The result was a new national awareness of this once-disregarded cut of meat, and it has become so popular that, at the height of barbecue season, it can be more expensive than pork chops. Like other odd pork parts such as pigs’ feet and chitterlings -- or, for that matter, greens, the discarded tops of such root vegetables as turnips and beets -- spareribs originally had been something the plantation owners didn’t value and willingly let their slaves have, but generations of obsessive cooks have discovered their virtues.

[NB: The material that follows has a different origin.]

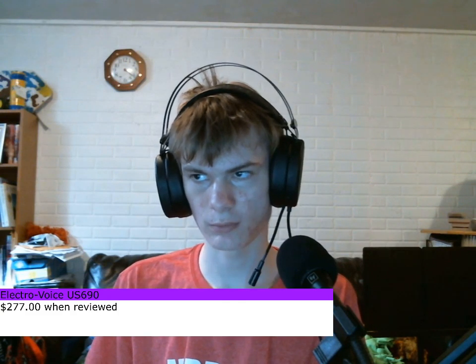Hello everyone, this is Cassidy Stamps, and welcome to another microphone review video. It does look like this microphone is not pointed at my mouth, but it most definitely is. Today I am reviewing the Electro-Voice US-690. If you want this microphone, it'll set you back around $277 on Amazon at the time of this review. We are going to skip what comes in the box, as I got this used.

True, spareribs aren’t as meaty or as easy to cook as pork chops, but as Chinese gourmets say, the closer to the bone, the sweeter the meat. It takes some gnawing to get at it, but the meat on spareribs has an excellent flavor and a sweet moistening of fat. Rubbed with spices, slowly barbecued and brushed with a spicy, sweet-sour sauce, spareribs can be far more interesting than any pork chop.

Spare ribs, indeed. We can’t do without them.